“For it is by works that you have succeeded, not by gifts”

September 11, 2014

There is nothing wrong with acknowledging our giftedness.

Last night I began a new Bible study on Paul’s Letter to the Romans. It was a lively discussion, with much laughter. After it was over, a parishioner asked me, “How do you know all that stuff?” After pausing for a moment, I said, “It’s a gift, I guess.”

Just saying those words, “It’s a gift,” didn’t feel right, and we both laughed it off. But I would be a hypocrite to answer any other way.

Why? Because I had made reference, just the night before at church council, to this brilliant new Christianity Today column from my favorite young theologian (and pastor), Andrew Wilson. He writes:

Imagine asking two successful people how they managed to accomplish what they have. The first says, “I’m just very gifted.” The second says, “I’ve just worked very hard.” Who sounds more smug?

Our meritocracy—in which people are valued based on ability alone—has conditioned us to consider it arrogant to attribute our accomplishments to God’s gracious gift. For some reason, gift talk sounds elitist. Conversely, we think we’re being humble when we say we worked hard for our success. The gospel polarity of grace versus works, though correctly understood in theory, is capsized in practice: “You succeeded? You must have worked harder than others,” we think. “You didn’t succeed? Try again.”

For it is by works you have succeeded, not by gifts, so that no one can boast. Logical as it may seem, it’s far from the gospel.

Why does believing that we’re gifted seem conceited when, technically, it’s exactly opposite of conceited? When we say we possess a gift, we acknowledge that credit doesn’t belong to us: it belongs to the Gift-Giver. And it’s not like we did anything to earn it because, again, it’s a gift.

I suspect one reason we’re reluctant to say that we’re gifted is because we don’t want to be misunderstood: to say we’re gifted is not to say that we’re more gifted than someone else. When I was ministering in Alpharetta, I would think twice about saying (or even believing) that I’m a gifted preacher because, after all, I’m no Andy Stanley.

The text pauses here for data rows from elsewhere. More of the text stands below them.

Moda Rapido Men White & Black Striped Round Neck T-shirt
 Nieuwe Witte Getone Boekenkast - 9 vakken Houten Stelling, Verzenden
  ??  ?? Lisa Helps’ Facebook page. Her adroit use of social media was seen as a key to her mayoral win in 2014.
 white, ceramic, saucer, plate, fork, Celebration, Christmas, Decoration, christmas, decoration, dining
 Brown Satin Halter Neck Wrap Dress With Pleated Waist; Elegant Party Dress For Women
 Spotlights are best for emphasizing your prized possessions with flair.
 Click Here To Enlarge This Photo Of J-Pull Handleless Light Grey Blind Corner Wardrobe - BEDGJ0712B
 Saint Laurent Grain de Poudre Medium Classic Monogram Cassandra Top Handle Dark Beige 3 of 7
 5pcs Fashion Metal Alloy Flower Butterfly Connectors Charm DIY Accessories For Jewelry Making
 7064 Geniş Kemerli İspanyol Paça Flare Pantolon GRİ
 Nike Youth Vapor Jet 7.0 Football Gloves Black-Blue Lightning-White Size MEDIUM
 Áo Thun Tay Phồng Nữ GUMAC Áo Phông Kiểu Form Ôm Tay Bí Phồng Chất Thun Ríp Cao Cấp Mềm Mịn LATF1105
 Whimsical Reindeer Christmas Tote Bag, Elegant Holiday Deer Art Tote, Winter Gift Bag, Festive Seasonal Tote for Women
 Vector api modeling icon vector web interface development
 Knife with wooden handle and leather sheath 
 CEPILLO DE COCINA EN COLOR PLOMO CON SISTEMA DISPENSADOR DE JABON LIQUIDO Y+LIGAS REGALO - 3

But that isn’t the point: to whatever extent we possess a gift, we do so because of God. On this point, Wilson’s words resonate with me. I know what it’s like to play that potentially deadly game of comparing my success to other people’s success—and worrying that I don’t measure up.

I’m preaching to myself here. For years I’ve struggled with envying a friend who is more gifted than I am. He’s a better leader, a more prolific writer, a superior linguist, and a more effective preacher. When I think like a meritocrat, I feel dispirited: He’s a better Christian. He deserves success. When I think like a charismatic, I experience freedom: He’s been given a different gift and doesn’t deserve it any more than I do. Grace—gloriously—brings liberty. What do you have that you did not receive?

I’m anticipating an objection: “Sure, our talents, to some extent, come from God, but don’t we have to do something to develop them?”

When I think of Jesus’ parable of the talents, for instance, I can’t help but answer yes. But mostly what we do is to allow God to do through us. God offers us grace. We receive it. God offers us grace. We receive it. Et cetera.

Regardless, our role in the process, when compared to God’s role, is very small—which is why we acknowledge that it’s a gift.

2 Responses to ““For it is by works that you have succeeded, not by gifts””

  1. Tom Harkins Says:

    I agree that we receive gifts from God, and therefore should not “brag” as to what we, in fact, “received.” I also agree, however, with your mention of the parable of the talents (and many of the Proverbs). It can certainly be difficult to “distinguish” between what we received and what we “brought to the table.” Nonetheless, I don’t think there is anything wrong with saying, “I worked hard on that,” as opposed to (or, perhaps better, in conjunction with), “I’m gifted in that field,” or whatever. It is people who say things like, “I did it my way,” or “I’m a self-made man,” etc., who are guilty of failing to recognize that they received much of what made them a success not only from God, but the assistance of other people. I guess what I am saying, though, is that I don’t think it is always necessary for someone who just delivered a great solo that she worked hours to perfect to say, “Thank you,” to, “That was great!”, as distinct from, “Give God the glory.” In fact, if we start attributing everything we do to God, we may sometimes be besmirching his name more than the converse, such as in the example of one of my friends hearing a radio singer say, “God gave me this song,” to which my friend thought, “God must not be a very good musician!”

    • brentwhite Says:

      Some day I’m going to use your last point in a sermon illustration. 😉 I don’t really disagree with what you say here. It’s not either/or, it’s both/and. It’s our cooperation with God, who gives us these gifts. I do think that when we consider all that God has first given us—and continues to give us through the ongoing gift of life—our contribution is very small indeed. But not nothing!